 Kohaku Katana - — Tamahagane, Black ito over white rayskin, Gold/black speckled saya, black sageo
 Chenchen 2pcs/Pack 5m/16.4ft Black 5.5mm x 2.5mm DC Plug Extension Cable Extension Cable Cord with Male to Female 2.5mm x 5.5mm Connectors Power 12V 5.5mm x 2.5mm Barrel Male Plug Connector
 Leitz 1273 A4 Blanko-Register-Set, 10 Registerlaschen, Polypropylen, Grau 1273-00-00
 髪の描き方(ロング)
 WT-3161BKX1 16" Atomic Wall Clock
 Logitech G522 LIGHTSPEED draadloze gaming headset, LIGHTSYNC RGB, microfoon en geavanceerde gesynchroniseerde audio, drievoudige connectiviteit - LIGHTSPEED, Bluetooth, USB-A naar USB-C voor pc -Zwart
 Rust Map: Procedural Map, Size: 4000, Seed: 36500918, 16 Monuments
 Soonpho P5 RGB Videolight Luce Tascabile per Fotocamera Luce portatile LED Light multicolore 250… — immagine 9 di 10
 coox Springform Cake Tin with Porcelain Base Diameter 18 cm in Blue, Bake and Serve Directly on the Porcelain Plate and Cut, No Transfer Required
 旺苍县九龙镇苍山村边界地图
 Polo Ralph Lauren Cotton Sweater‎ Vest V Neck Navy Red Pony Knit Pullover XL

* **About this exercise**
Give the lines exactly as they stand, from the line with "coox Springform Cake" through the end of the material.

* **Reply**
 coox Springform Cake Tin with Porcelain Base Diameter 18 cm in Blue, Bake and Serve Directly on the Porcelain Plate and Cut, No Transfer Required
 旺苍县九龙镇苍山村边界地图
 Polo Ralph Lauren Cotton Sweater‎ Vest V Neck Navy Red Pony Knit Pullover XL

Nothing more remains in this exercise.